On the Periodic Orbits of the Dual Logarithmic Derivative Operator
Xiaohang Yu, William Knottenbelt
TL;DR
The paper analyzes the iterative dynamics of the dual logarithmic derivative operator $\\mathcal{A}[f] = \\frac{d\\ln f}{d\\ln x}$ on domains in $\\mathbb{C}$, establishing explicit low-period structure in the complex analytic setting. It proves that genuinely nondegenerate period-2 orbits exist and provides a canonical example, then completely classifies all nondegenerate period-2 orbits as the two-parameter rational family $f_1(x)=\\frac{c a x^{c}}{1-a x^{c}}$, $f_2(x)=\\frac{c}{1-a x^{c}}$, along with a full description of fixed points $f(x)=\\frac{1}{a-\\ln x}$. A logistic-type pre-periodic phenomenon under a logarithmic change of variables demonstrates how generic initial data can flow into the classified period-2 family after finitely many iterations.

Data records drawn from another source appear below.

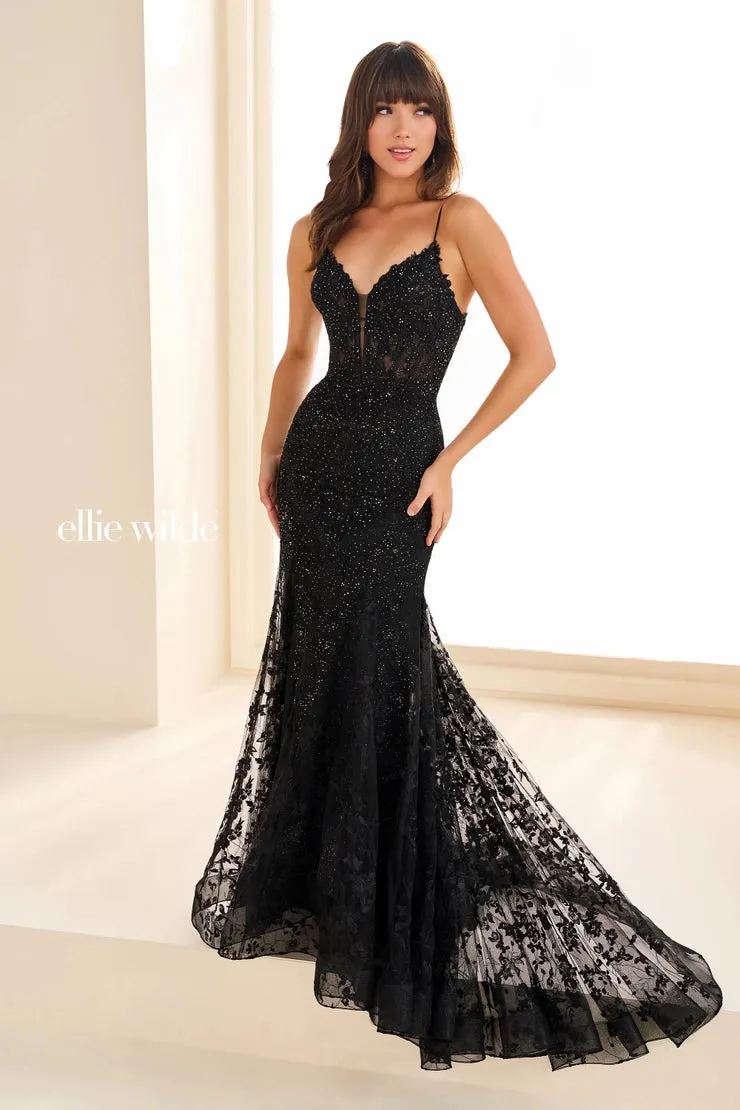 Ellie Wilde EW36008 Size 0 Sage Long Lace Mermaid Corset Prom Dress Formal Evening Gown V Neck Train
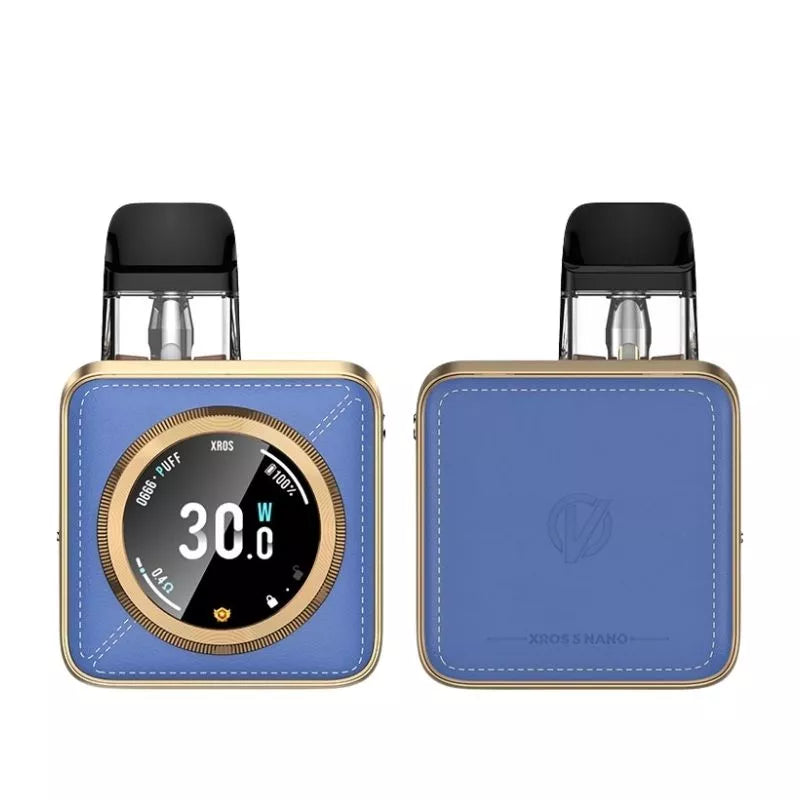 Vaporesso XROS 5 Nano Pod Vape Kit Blue Leatherette Colour great for MTL Vaping with Nic Salt E-liquids or 50vg/50pg Shortfill Vape Juice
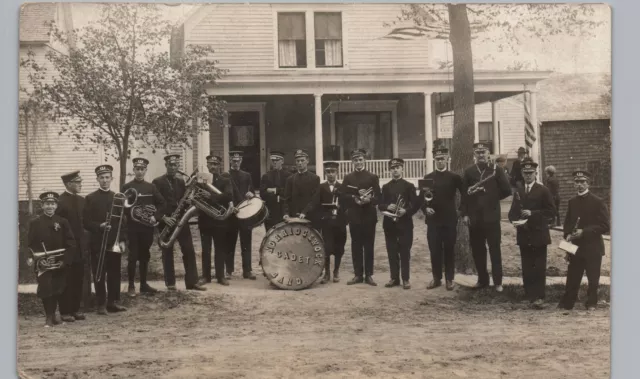 NORRIDGEWOCK CADET BAND maine real photo postcard rppc me marching parade music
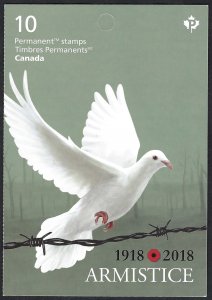 Canada #3131a P WWI Armistice Centennial (2018). Booklet of 10 stamps. MNH.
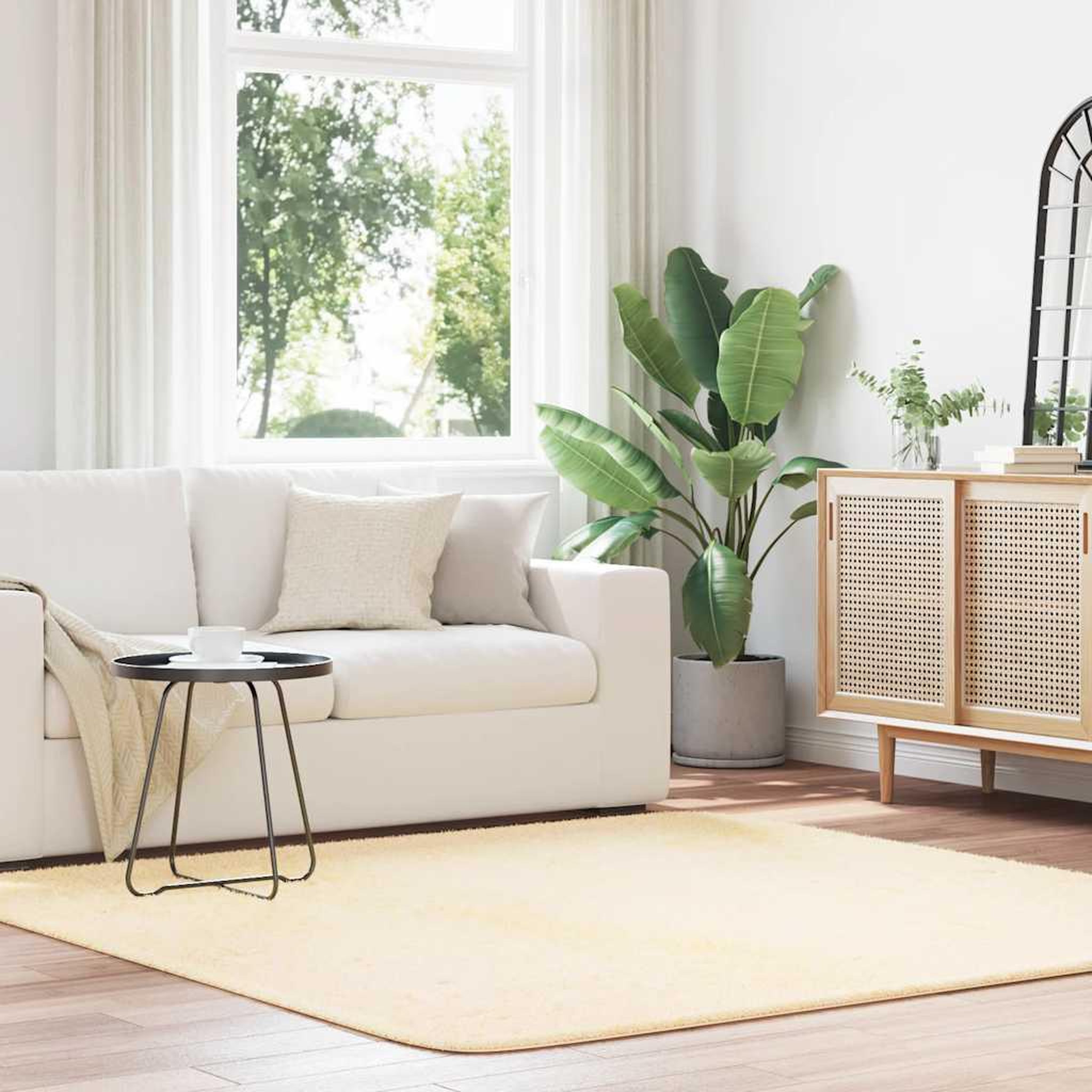 VIDAXL Tapis Shaggy a poils longs NAVARRA creme 200x200 cm polyester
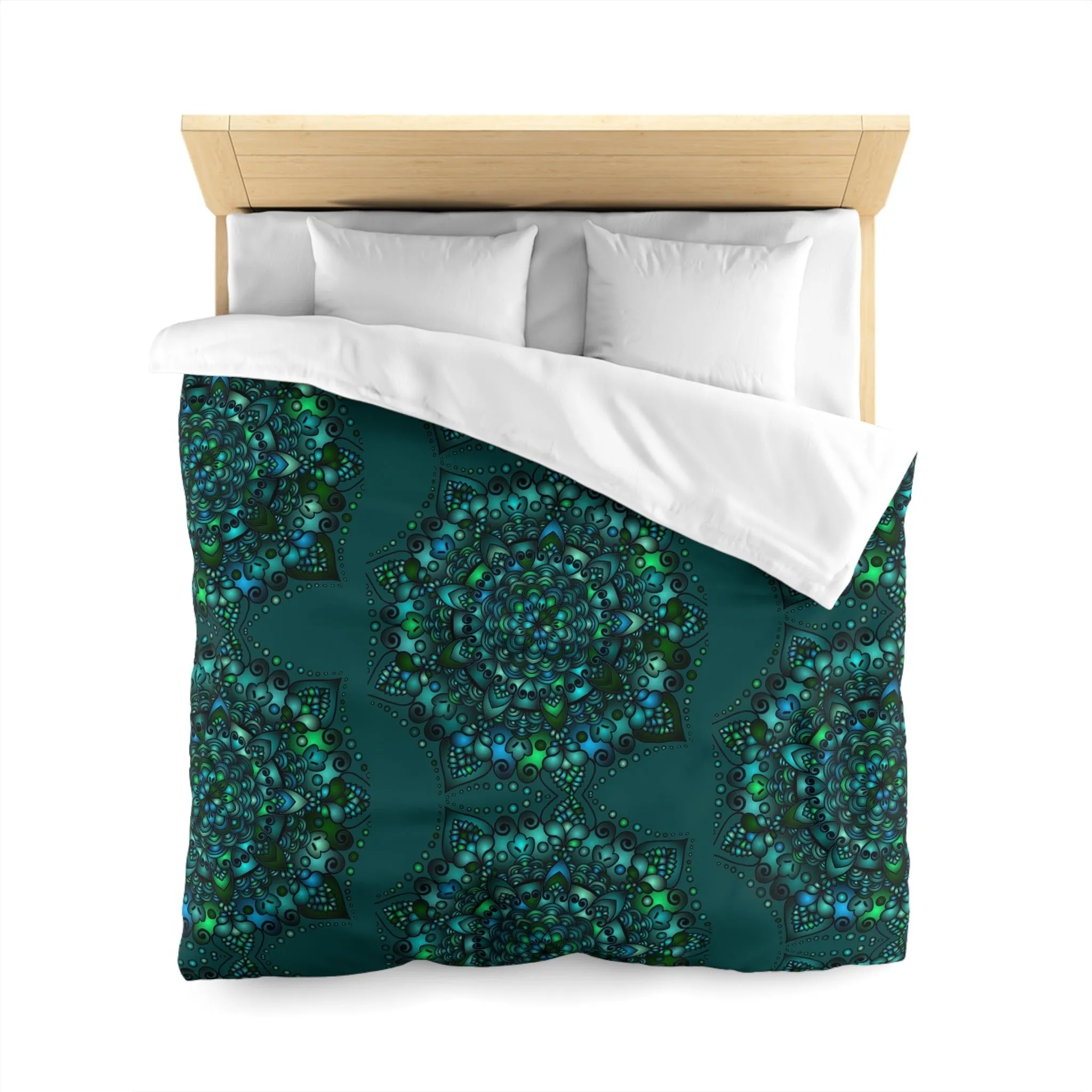 Handmade Mandala Design Microfiber Duvet Cover - Green Mandala on Dark Petroleum Green Background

These results yield an explicit, tractable instance of operator-induced dynamics on function spaces, highlighting a transparent low-period structure and a concrete pre-periodic mechanism with potential applications to growth and scaling analyses.
Abstract
We study the periodic behaviour of the dual logarithmic derivative operator $\mathcal{A}[f]=\mathrm{d}\ln f/\mathrm{d}\ln x$ in a complex analytic setting. We show that $\mathcal{A}$ admits genuinely nondegenerate period-$2$ orbits and identify a canonical explicit example. Motivated by this, we obtain a complete classification of all nondegenerate period-$2$ solutions, which are precisely the rational pairs $(c a x^{c}/(1-ax^{c}),\, c/(1-ax^{c}))$ with $ac\neq 0$. We further classify all fixed points of $\mathcal{A}$, showing that every solution of $\mathcal{A}[f]=f$ has the form $f(x)=1/(a-\ln x)$. As an illustration, logistic-type functions become pre-periodic under $\mathcal{A}$ after a logarithmic change of variables, entering the period-$2$ family in one iterate. These results give an explicit description of the low-period structure of $\mathcal{A}$ and provide a tractable example of operator-induced dynamics on function spaces.